> **Brief**:
Transcribe only the lines between the first line of the records and the line containing "Kabel energetyczny bezhalogenowy", inclusive, exactly as written.

______

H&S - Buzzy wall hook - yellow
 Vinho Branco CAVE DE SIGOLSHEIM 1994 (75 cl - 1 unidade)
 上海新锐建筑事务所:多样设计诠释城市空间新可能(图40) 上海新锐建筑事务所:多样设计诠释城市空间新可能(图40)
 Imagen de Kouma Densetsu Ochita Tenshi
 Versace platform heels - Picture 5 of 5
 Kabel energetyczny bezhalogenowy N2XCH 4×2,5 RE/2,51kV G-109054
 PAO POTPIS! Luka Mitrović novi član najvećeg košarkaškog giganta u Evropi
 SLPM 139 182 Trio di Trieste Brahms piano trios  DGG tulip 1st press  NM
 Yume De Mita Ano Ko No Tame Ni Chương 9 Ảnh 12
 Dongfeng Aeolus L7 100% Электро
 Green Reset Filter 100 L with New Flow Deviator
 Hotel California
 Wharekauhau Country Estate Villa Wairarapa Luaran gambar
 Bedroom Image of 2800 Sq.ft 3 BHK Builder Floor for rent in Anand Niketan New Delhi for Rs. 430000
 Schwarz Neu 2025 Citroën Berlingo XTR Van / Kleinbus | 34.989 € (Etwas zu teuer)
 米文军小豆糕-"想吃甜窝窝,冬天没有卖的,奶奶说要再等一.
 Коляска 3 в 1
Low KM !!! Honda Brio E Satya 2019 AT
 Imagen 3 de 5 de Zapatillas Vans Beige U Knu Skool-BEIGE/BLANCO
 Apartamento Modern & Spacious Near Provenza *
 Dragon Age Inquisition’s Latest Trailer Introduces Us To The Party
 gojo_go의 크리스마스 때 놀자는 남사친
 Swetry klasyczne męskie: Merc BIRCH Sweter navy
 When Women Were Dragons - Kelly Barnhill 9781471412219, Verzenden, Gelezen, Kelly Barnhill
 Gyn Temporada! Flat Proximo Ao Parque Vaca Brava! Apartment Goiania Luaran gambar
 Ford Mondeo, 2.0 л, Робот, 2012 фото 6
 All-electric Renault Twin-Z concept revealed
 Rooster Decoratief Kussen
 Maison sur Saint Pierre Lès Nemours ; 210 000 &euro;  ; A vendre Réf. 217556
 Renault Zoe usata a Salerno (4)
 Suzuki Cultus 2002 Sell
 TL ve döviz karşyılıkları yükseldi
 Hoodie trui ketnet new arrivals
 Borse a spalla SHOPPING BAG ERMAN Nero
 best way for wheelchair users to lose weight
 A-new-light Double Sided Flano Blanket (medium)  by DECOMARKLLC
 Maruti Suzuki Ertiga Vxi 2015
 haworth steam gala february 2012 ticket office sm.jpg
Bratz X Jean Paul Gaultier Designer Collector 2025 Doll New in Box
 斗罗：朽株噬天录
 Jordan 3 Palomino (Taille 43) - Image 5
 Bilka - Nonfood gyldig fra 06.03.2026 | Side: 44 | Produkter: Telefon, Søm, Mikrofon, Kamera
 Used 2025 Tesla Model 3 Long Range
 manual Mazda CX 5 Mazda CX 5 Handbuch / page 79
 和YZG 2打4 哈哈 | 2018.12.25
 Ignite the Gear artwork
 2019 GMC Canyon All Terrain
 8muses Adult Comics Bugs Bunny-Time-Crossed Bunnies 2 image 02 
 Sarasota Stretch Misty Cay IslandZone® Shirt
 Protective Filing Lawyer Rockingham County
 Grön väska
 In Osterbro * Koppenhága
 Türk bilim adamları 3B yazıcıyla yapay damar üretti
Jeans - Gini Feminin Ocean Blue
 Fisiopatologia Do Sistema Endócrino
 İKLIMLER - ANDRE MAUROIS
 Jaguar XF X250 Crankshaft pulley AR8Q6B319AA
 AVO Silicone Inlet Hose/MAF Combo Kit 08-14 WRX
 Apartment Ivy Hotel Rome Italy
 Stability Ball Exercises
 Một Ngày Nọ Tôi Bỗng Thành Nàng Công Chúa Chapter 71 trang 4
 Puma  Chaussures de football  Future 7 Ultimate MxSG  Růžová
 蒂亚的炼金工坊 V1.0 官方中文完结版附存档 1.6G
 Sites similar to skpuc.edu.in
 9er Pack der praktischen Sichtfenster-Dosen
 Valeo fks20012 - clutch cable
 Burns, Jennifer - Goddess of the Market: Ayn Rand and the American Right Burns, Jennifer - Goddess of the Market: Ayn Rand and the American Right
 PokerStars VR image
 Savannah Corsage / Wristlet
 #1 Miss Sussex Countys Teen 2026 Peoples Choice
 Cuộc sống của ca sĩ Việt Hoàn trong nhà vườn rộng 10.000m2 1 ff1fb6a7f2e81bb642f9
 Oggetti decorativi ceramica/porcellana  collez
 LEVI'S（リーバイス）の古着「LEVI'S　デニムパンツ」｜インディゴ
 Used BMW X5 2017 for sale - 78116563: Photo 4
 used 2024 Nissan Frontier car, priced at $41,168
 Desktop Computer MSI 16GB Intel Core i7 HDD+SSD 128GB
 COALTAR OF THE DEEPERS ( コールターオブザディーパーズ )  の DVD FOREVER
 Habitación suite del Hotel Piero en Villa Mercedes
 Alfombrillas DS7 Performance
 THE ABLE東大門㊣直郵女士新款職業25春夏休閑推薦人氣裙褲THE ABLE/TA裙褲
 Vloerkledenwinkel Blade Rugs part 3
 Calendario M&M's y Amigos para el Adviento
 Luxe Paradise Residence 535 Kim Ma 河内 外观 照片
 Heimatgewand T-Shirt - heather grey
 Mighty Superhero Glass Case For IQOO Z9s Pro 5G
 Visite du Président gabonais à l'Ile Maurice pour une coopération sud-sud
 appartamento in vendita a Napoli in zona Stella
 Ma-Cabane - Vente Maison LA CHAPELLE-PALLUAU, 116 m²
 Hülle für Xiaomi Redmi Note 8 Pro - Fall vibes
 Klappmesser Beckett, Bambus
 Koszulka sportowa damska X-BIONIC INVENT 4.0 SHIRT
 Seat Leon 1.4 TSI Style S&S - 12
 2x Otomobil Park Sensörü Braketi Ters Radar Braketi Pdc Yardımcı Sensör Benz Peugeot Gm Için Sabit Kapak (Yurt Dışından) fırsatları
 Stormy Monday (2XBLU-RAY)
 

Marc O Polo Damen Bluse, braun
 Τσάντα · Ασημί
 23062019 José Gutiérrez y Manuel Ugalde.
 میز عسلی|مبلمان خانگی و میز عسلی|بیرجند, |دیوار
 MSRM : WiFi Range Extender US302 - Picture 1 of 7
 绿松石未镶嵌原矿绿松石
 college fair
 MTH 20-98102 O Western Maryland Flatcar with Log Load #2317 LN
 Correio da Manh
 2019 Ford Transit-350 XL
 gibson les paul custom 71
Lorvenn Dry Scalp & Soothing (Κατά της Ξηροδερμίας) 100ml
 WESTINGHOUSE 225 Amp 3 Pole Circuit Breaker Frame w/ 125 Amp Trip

______

> **Exercise output**:
H&S - Buzzy wall hook - yellow
 Vinho Branco CAVE DE SIGOLSHEIM 1994 (75 cl - 1 unidade)
 上海新锐建筑事务所:多样设计诠释城市空间新可能(图40) 上海新锐建筑事务所:多样设计诠释城市空间新可能(图40)
 Imagen de Kouma Densetsu Ochita Tenshi
 Versace platform heels - Picture 5 of 5
 Kabel energetyczny bezhalogenowy N2XCH 4×2,5 RE/2,51kV G-109054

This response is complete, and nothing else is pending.